Two Koussevitzky commissions have their day in the sun here, in performances vibrantly restored by Andrew Rose.
BARTOK: Concerto for Orchestra; PISTON: Symphony No. 3 in C – Boston Sym. Orch./ Serge Koussevitzky – Pristine Audio PASC 463, 67:34 [avail. in various formats from www.pristineclassical.com] ****:
Conductor Serge Koussevitzky (1874-1951) commissioned the 1943 Bartok Concerto for Orchestra, having been informed that Bartok suffered from leukemia in relatively dire poverty, and wished to instill in the composer a sense of creative purpose. Dedicated to the memory of Natalie Koussevitzky, the music exploits the power of the individual instrumental choirs to act in a concertante mode, virtuosos within an expanded corps of virtuosi. We hear the famed BSO resonance early in this radio broadcast reading of 30 December 1944, in the first movement Introduzione – Andante non troppo, wherein flute solo Georges Laurent displays his fluent, artistic persuasion. The brass fugato section proves no less lustrous, a kind of modern Gabrieli moment in modal style.

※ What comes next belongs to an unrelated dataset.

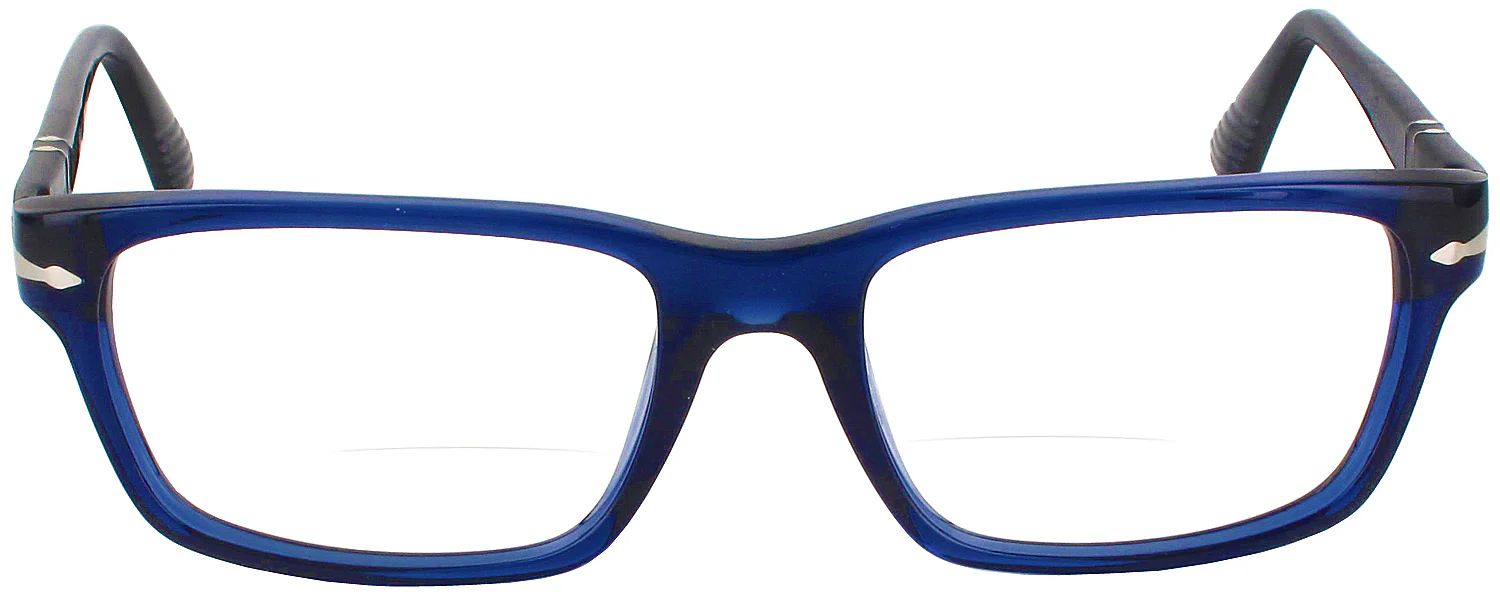 Persol 3096VL Bifocal - Image 2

Given the special relationship between composer and conductor, we find Koussevitzky’s whimsical charm in the second movement Giuoco delle coppie quite telling, with jabbing string pizzicatos and ritenuti observed rigorously. The muted trumpets project an eerie piety in the midst of the playfulness. The heavy bass line for the opening of the Elegia, along with the chilling winds, thrusts us into the same, gothic world as Bluebeard’s Castle. The opening motif from movement one returns, more expressive and emotionally wrought. The BSO second violin and viola tone cast their own mournfulness. Koussevitzky moves the Intermezzo interroto briskly, the emphasis on the long line. The rude intrusion of the Shostakovich Seventh motif appears completely a la burlesca, via the tuba and trombone. Georges Laurent’s heady flute sound appears once more as part of the epilogue. In this version, Bartok’s expanded last movement Pesante – Presto hustles before us, a demoniac moto perpetuo. The woodwind writing conveys any number of Bulgarian rhythmic devices and string folk effects, some sul ponticello. The brass and tympani sections of the BSO quite blaze with ecstatic energy, testifying to the composer’s claim to its life-asserting qualities. This performance has had prior (noisier) incarnation – at least they claim the same broadcast date – on Naxos (8.110105), although that release does not credit a restoration engineer.
In his note to the recording, producer Andrew Rose provides some historical context to the Piston Third Symphony: “Walter Piston’s Symphony No. 3 had been premiered by Koussevitzky at Symphony Hall in Boston on 9th January 1948, the first of ten performances given over the course of the next twelve months. The Eighth of these took place on 31 December, from which this broadcast recording was taken. Piston’s composition had won the Pulitzer Prize for composition in 1947, and its finale has been seen as a celebration of the end of the Second World War.” The opening Andantino conveys at first a soft, bucolic ethos in various woodwinds, harp, and strings, a tri-thematic prelude in C Major. The 5/4 time signature does inject an unstable pulse that can become insistent, and does, as the music achieves a solemn monumentality.
Koussevitzky and the BSO then engage in a colorful Scherzo in F Major, 2/4, that exploits polyphony effectively. Along with busy winds and brass, the percussion section makes its bravura presence felt. The melodic content becomes elegiac and texturally thinned out, only to return, da capo, to the frenetic activity of the opening motifs. The expansive Adagio in G, 4/4, means to show off the Koussevitzky string tone. The string divisi bear some aspect of Baroque sonority, albeit in a melancholy, romantic sensibility. The music moves into variations by way of winds and harp. The meditative anguish the music contains in the string line comes to a valedictory conclusion through the solo viola and the French horn. Piston once more demonstrates his hand at counterpoint in the energetic Allegro finale, a ¾ sonata-form that we might ascribe to Copland or Randall Thompson. A martial tune strikes up against the low strings in polyphony. Both catchy and splashy, the music indulges in some bravura sonorities, the tympanist quite busy with syncopated cadences. In a tender episode, Koussevitzky elicits that BSO warmth that remains his very own. A triumphant element asserts its hegemony over all, and this elation quite sweeps us away.